Dataset excerpt:

+-------+

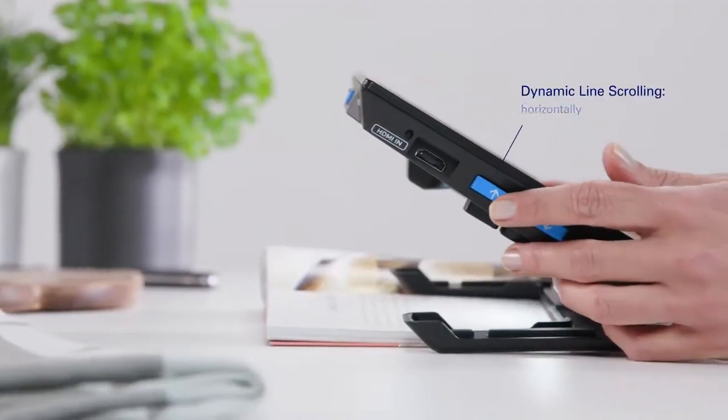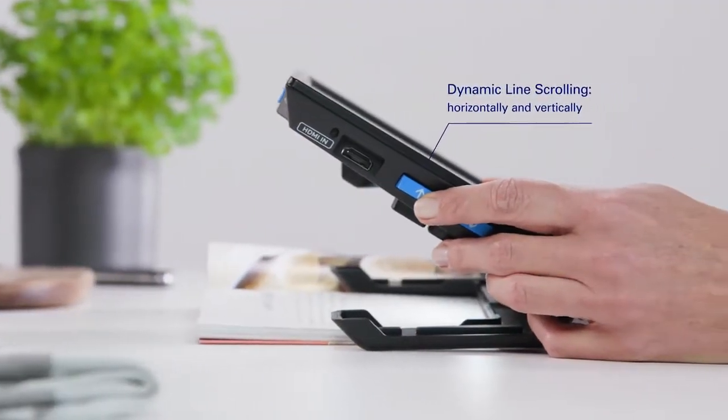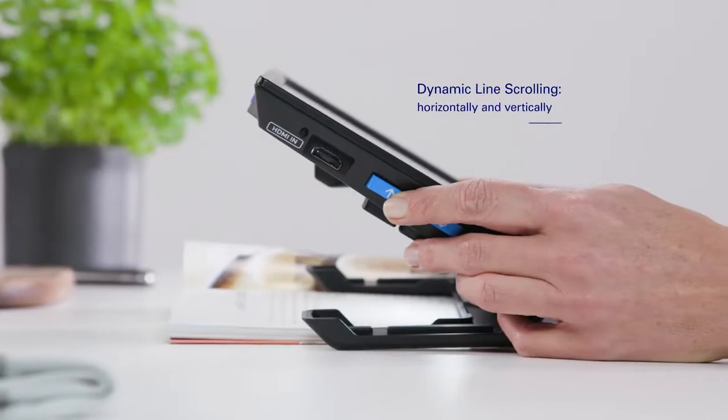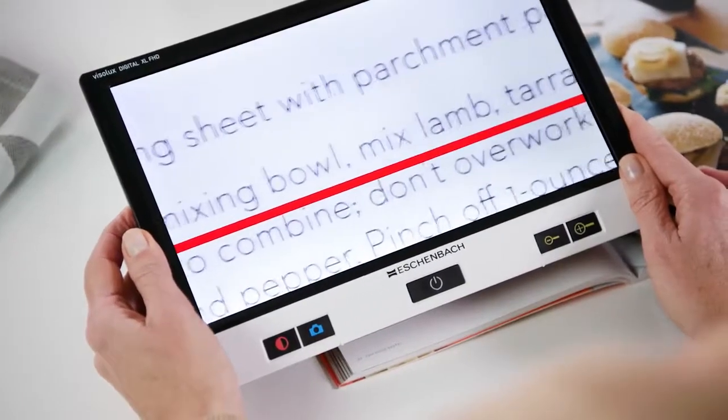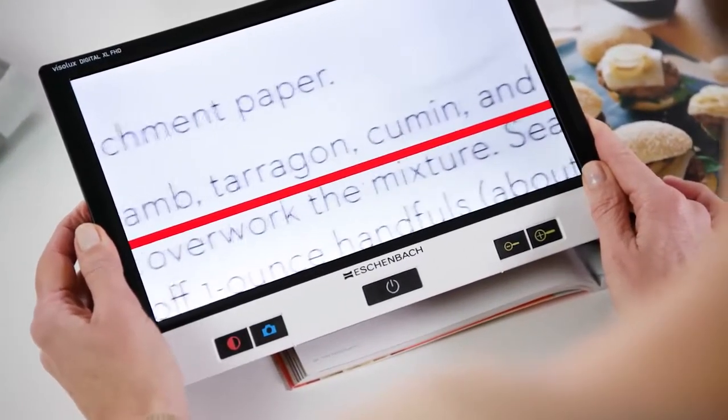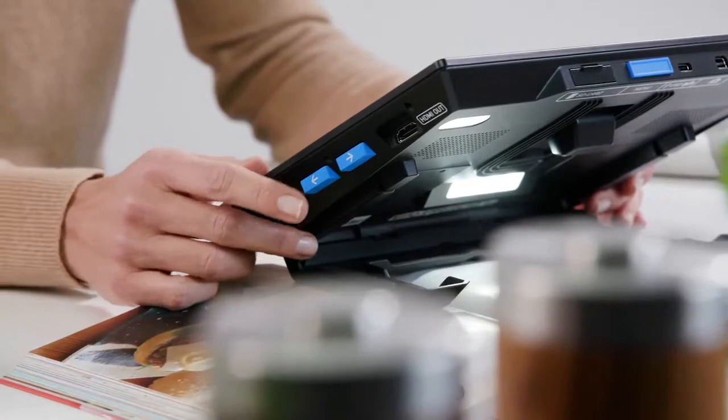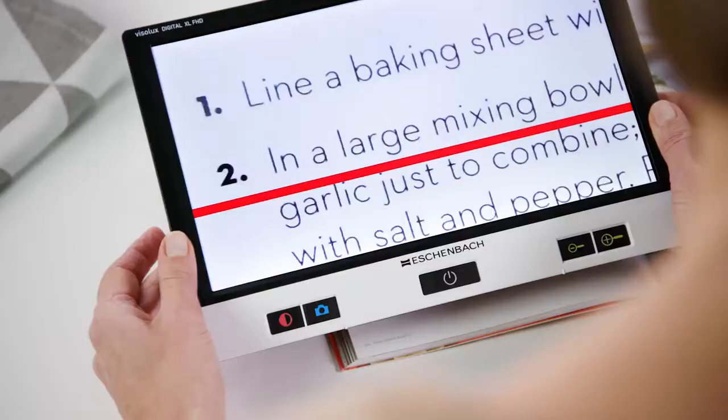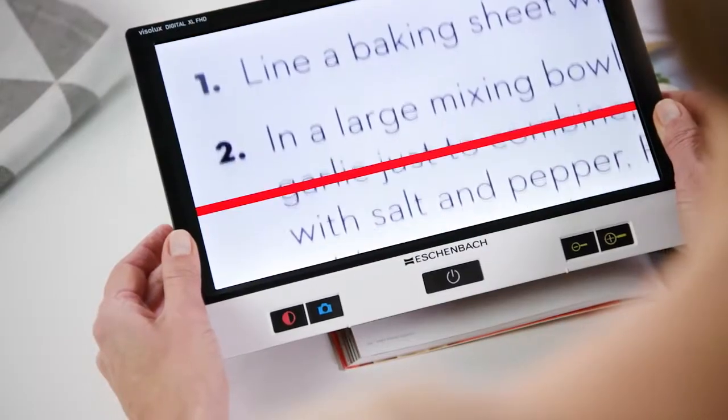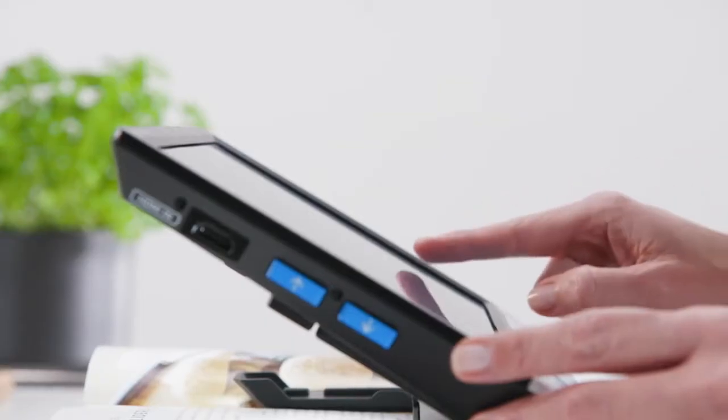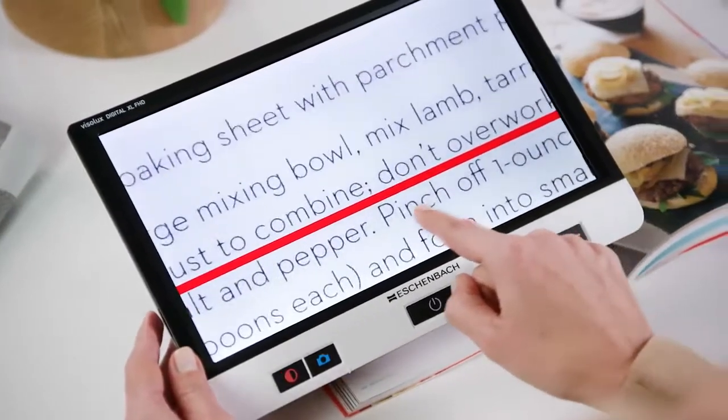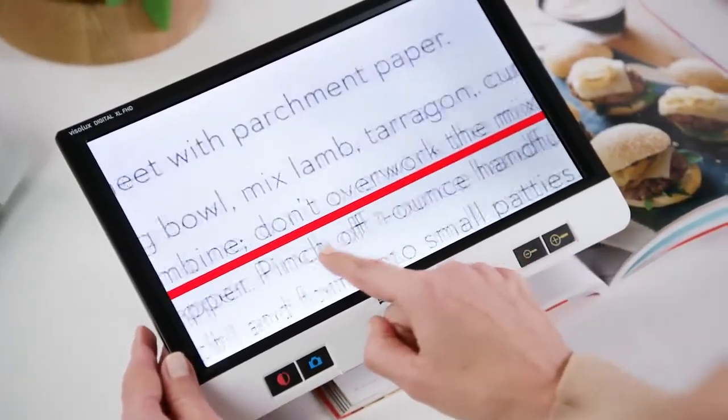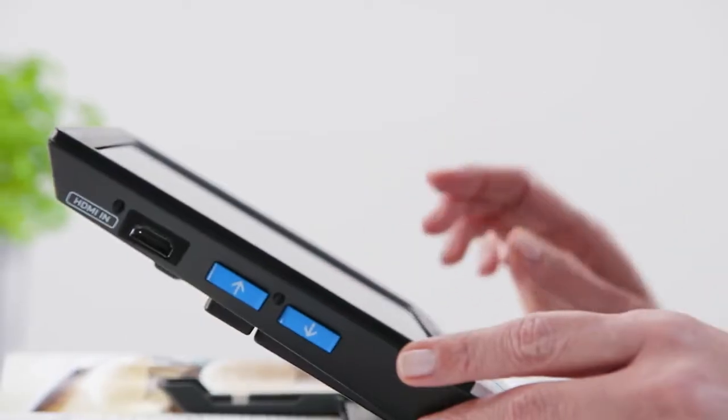Use dynamic line scrolling via the touch screen or the operating buttons on both sides of the device. It allows you to move the image section horizontally and vertically without you having to move the device itself. And even at high magnifications, you will always be able to orientate yourself on the screen.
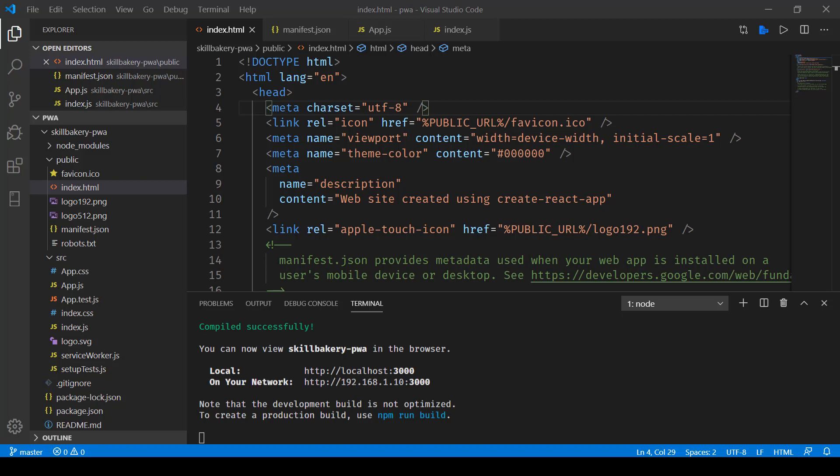In the previous lecture, we saw how to create a React application using Create React App package. Now that we have created a sample application, we'll take a look at how we can run this application, what are the files, what is the sequence hierarchy, how this whole application gets executed and is presented in the browser.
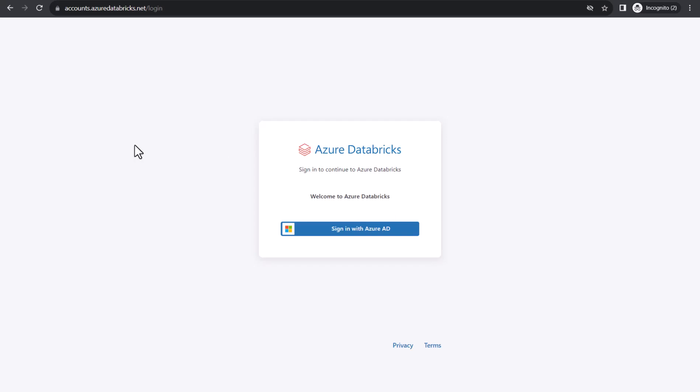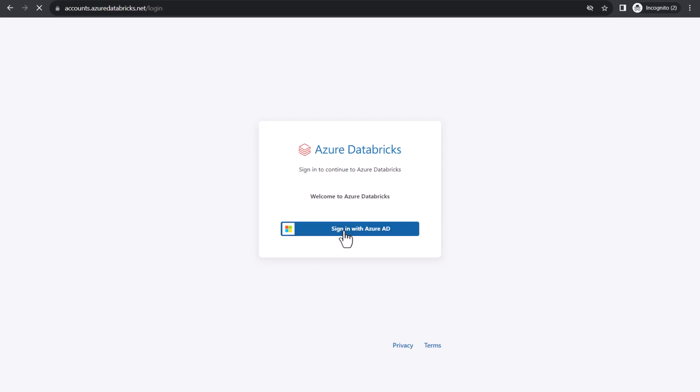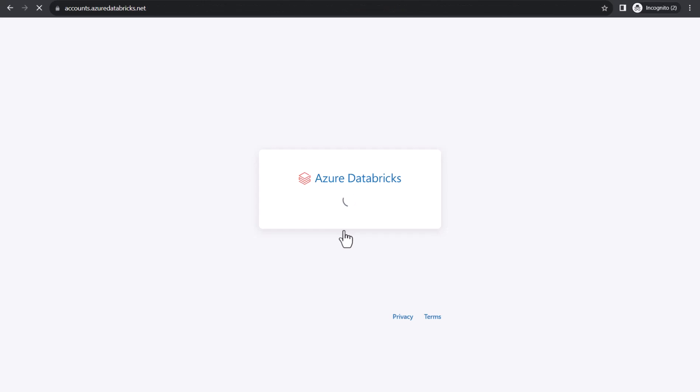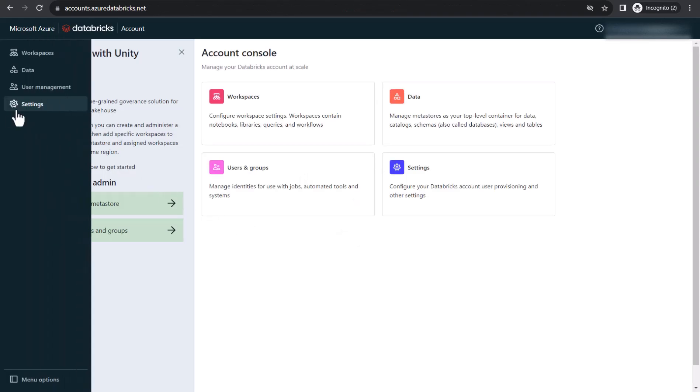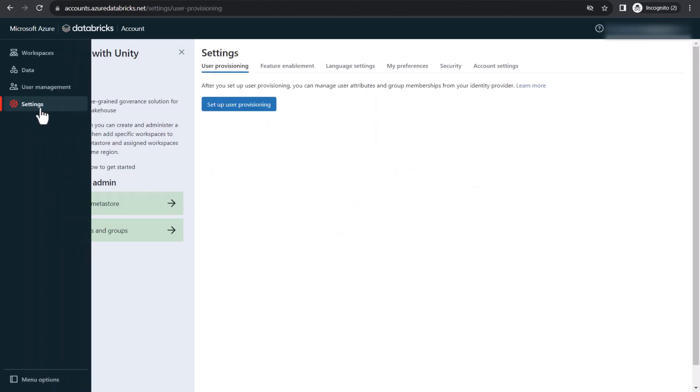In order to sign in, click on Sign in with Azure AD. Once you are logged in, navigate to Settings. Click on Feature Enablement.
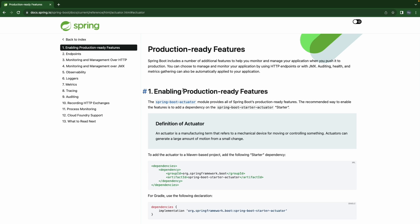Hello everyone. In this video we are going to check out the observability of Spring Boot, especially the metric pillar, by enabling production-ready features using Actuator.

+-------+

What you need to do:
Starting from the line that has "In order to" and ending at the last line of the material above, every line should be output exactly; pictures are dropped and nothing else appears.

Output below:
In order to sign in, click on Sign in with Azure AD. Once you are logged in, navigate to Settings. Click on Feature Enablement.
Hello everyone. In this video we are going to check out the observability of Spring Boot, especially the metric pillar, by enabling production-ready features using Actuator.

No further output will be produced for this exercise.